**Aim of the task**: Starting at the line that contains "2021 Hitachi ZX33U-6", return every line through the end of the data exactly, without pictures.

**Collected data**:

□ □ □ □

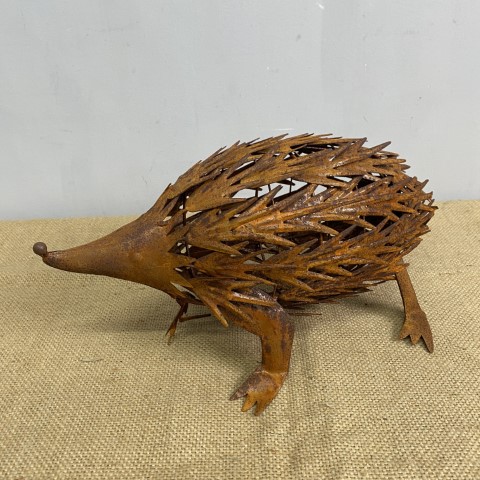 Rustic Echidna Statue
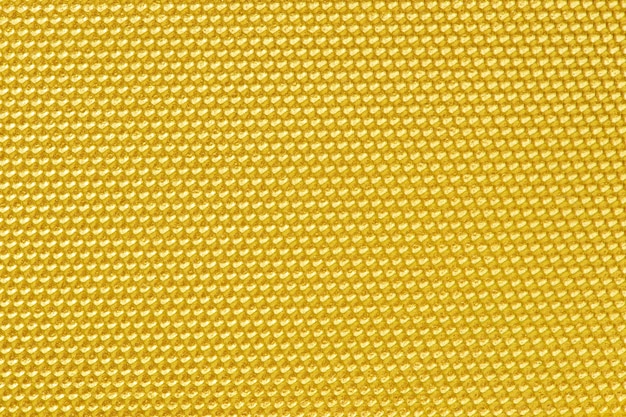 金色のハニカムパターンの壁紙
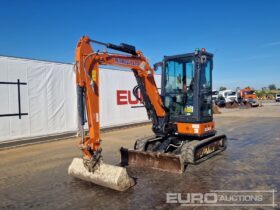 2021 Hitachi ZX33U-6 CLR Mini Excavators For Auction: Dromore – 6th & 7th December 2024 @ 9:00am For Auction on 2024-12-7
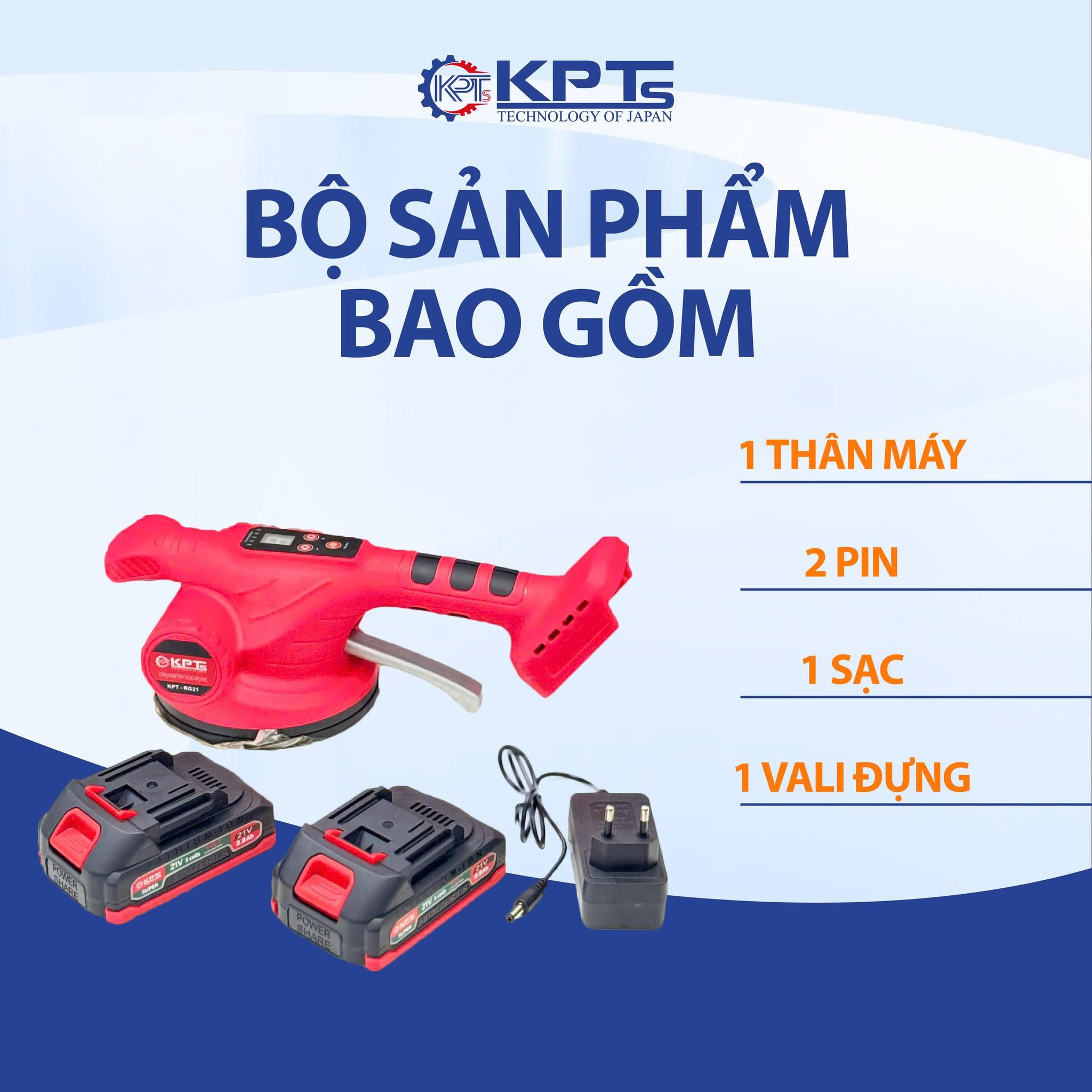MÁY RUNG GẠCH ỐP LÁT KPTs KPT-RG21V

□ □ □ □

**Output for this task**:
 2021 Hitachi ZX33U-6 CLR Mini Excavators For Auction: Dromore – 6th & 7th December 2024 @ 9:00am For Auction on 2024-12-7
MÁY RUNG GẠCH ỐP LÁT KPTs KPT-RG21V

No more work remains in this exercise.